Background: Diagnostic methods for distinguishing walnut-allergic patients from walnut-sensitized but walnut-tolerant individuals are limited. Furthermore, characteristics of single walnut versus dual walnut-pecan allergy are lacking. Objective: To provide clinical and molecular characteristics of walnut- and pecan-allergic patients. Methods: A prospective cohort study of 76 walnut-sensitized patients was performed. Walnut skin prick test and serum measurements of specific IgE to walnut and its components were performed. Patients were challenged to walnut and pecan unless they regularly consumed walnut and pecan. Results: Of the 76 patients studied, 61 were diagnosed as walnut-allergic and 15 as walnut-tolerant. IgE levels greater than or equal to 0.35 kUA/L to Jug r 1 or 4 provided the best diagnostic method for identifying walnut-allergic patients (accuracy, 0.93). Of the 61 walnut-allergic patients, 49 were pecan-allergic whereas 12 were pecan-tolerant. None of the walnut-tolerant patients was allergic to pecan. Dual allergic patients had significantly lower walnut reaction dose (median, 100 mg vs 1230 mg; P < .001). IgE levels greater than or equal to 0.35 kUA/L to Jug r 4, low-molecular-weight vicilins, or high-molecular-weight vicilins best segregated dual walnut-pecan–allergic patients from single walnut-allergic patients.
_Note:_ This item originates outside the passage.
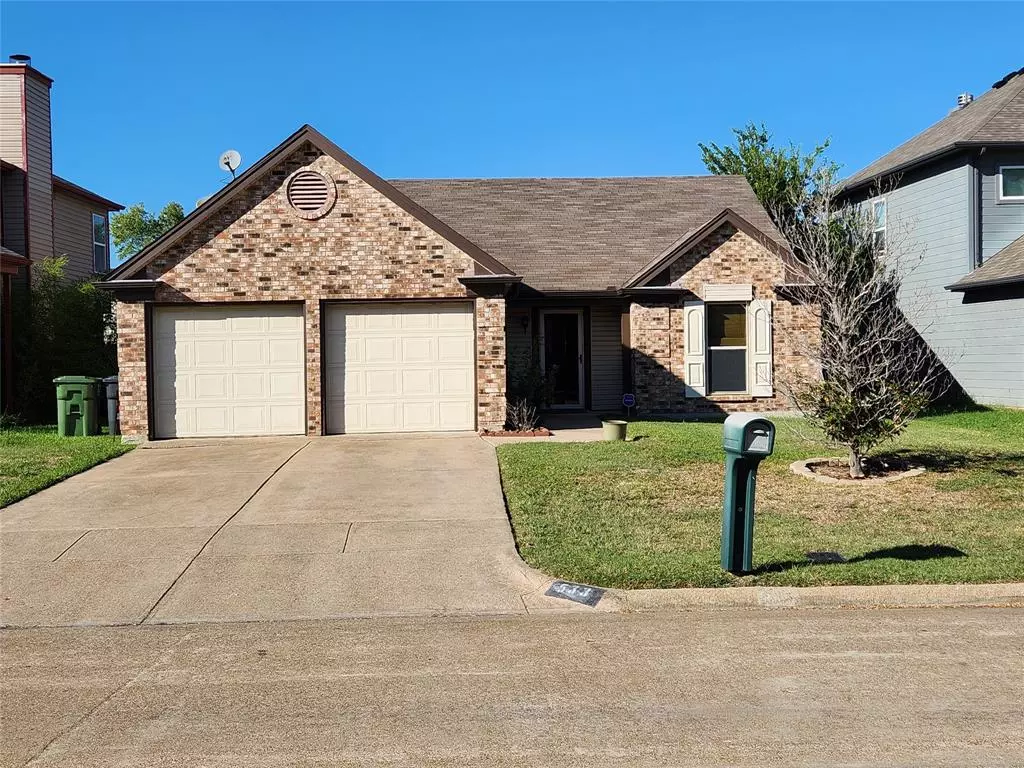 Arlington, TX 76018,533 Nightshade Drive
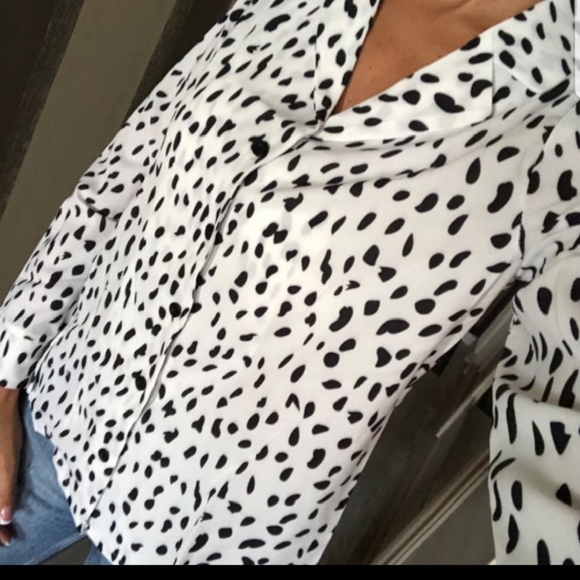 BLACK & WHITE LEOPARD PRINT BLOUSE - Picture 3 of 4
Inhibition studies demonstrated that walnut pretreatment completely blocked IgE binding to pecan, whereas in some patients, pecan incubation only partially blocked IgE binding to walnut. Conclusions: Walnut components are helpful in diagnosing walnut allergy and in identifying patients with pecan coallergy. Competitive ELISA indicates that pecan comprises a subset of the allergenic determinants of walnut.